Exercise requirements | Return all lines of the data in which the string "Modern" occurs.

Provided records |
_____
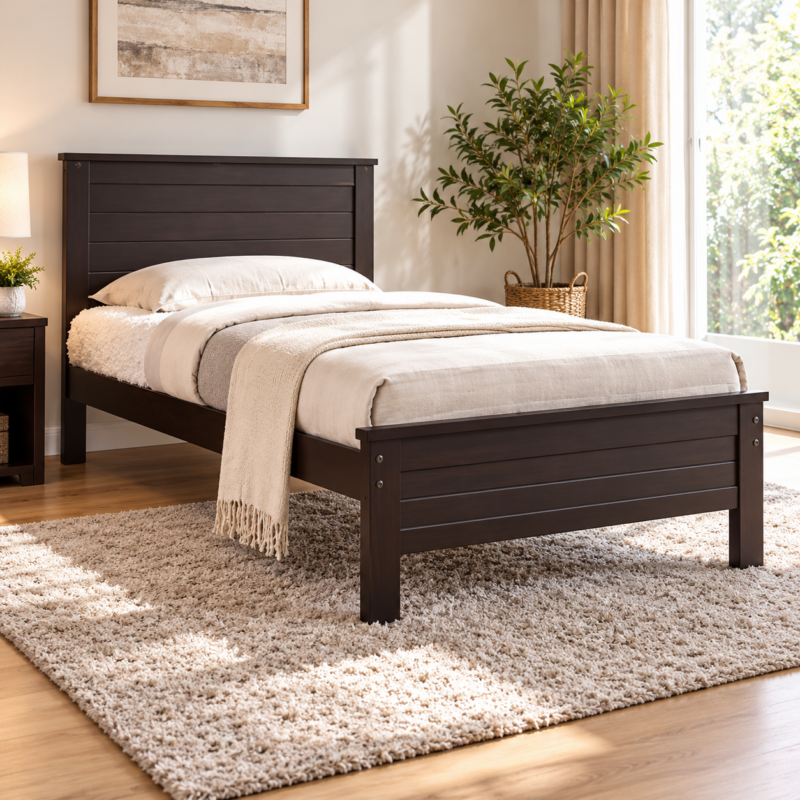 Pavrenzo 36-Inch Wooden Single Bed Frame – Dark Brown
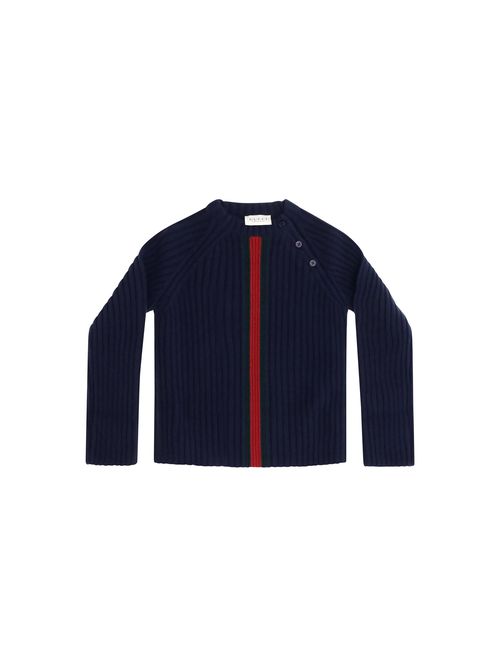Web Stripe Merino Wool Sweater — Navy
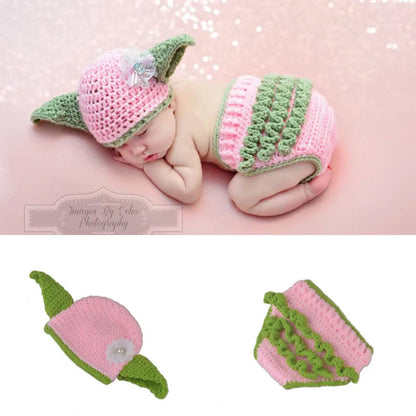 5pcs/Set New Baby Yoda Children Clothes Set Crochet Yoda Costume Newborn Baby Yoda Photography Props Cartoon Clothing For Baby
_____
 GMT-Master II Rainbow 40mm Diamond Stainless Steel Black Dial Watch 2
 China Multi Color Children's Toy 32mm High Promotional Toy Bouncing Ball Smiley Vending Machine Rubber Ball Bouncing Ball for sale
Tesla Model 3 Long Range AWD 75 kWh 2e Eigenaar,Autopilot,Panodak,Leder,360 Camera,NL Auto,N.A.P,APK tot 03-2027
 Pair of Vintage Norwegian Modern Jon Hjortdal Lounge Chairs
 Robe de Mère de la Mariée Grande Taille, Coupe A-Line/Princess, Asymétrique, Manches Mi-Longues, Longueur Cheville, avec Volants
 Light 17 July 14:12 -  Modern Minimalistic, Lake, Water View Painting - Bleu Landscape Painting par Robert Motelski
_____
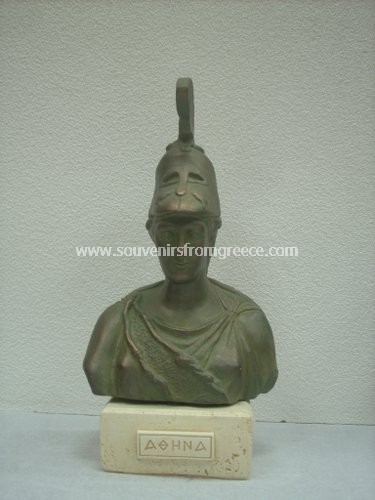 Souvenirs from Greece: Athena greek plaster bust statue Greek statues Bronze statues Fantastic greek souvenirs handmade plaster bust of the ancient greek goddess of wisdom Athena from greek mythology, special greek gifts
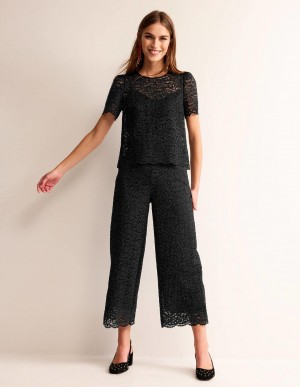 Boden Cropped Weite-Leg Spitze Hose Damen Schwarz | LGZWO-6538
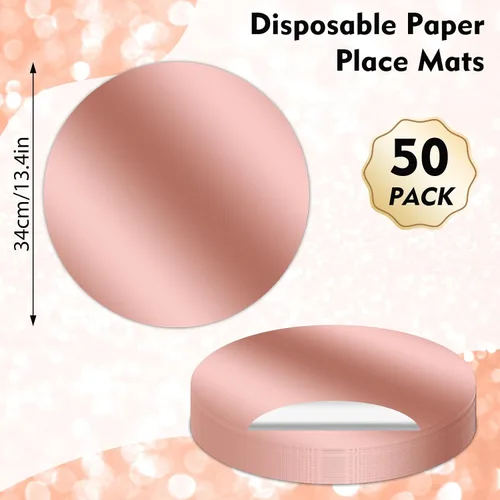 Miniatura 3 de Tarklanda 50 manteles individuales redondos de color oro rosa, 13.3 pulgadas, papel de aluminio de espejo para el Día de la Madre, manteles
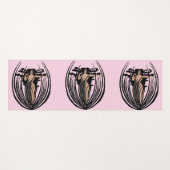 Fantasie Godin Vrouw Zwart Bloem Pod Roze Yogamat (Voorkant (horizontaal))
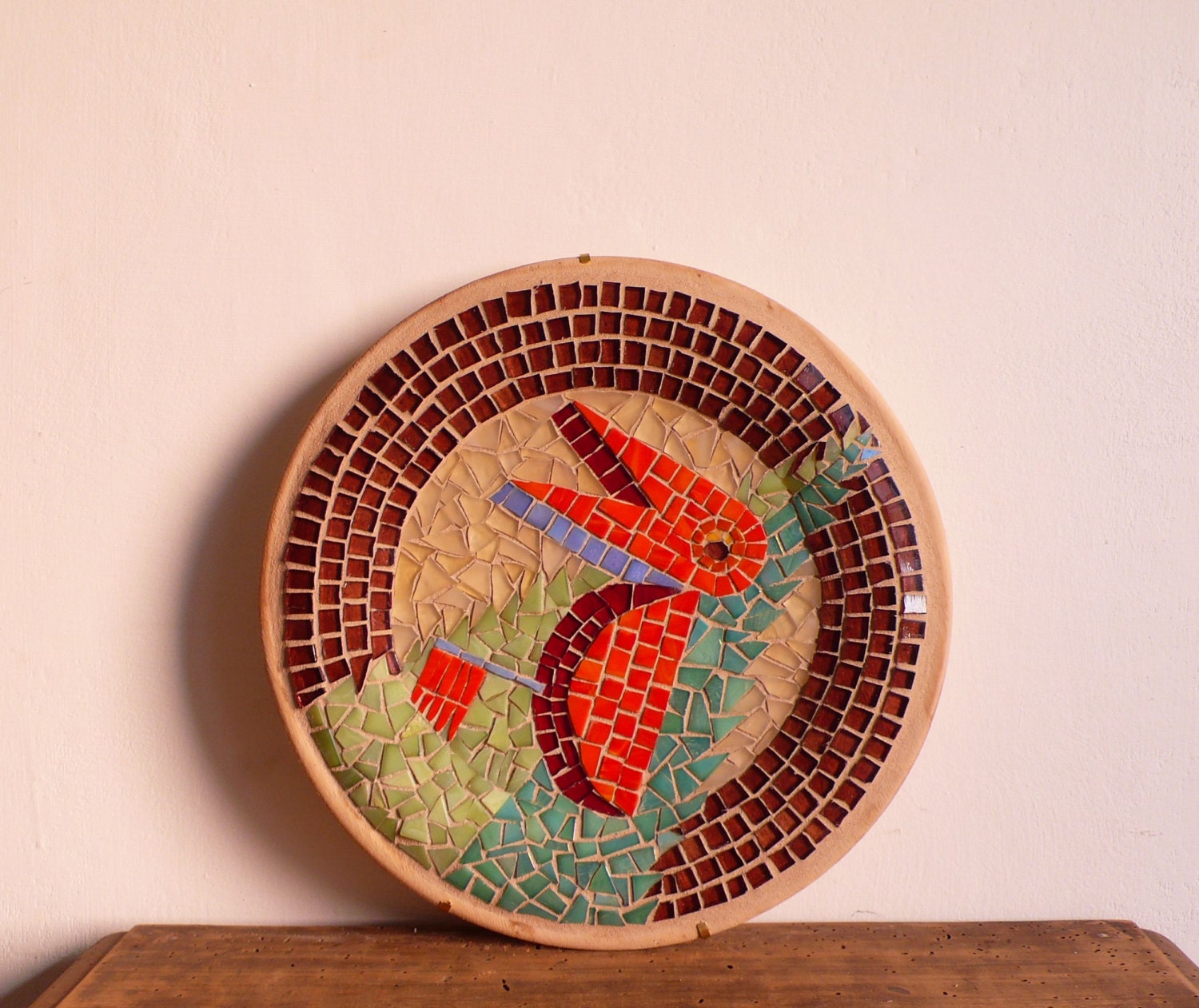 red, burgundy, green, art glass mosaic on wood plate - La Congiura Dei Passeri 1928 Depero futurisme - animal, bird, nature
_____
Completed exercise |
 Pair of Vintage Norwegian Modern Jon Hjortdal Lounge Chairs
 Light 17 July 14:12 -  Modern Minimalistic, Lake, Water View Painting - Bleu Landscape Painting par Robert Motelski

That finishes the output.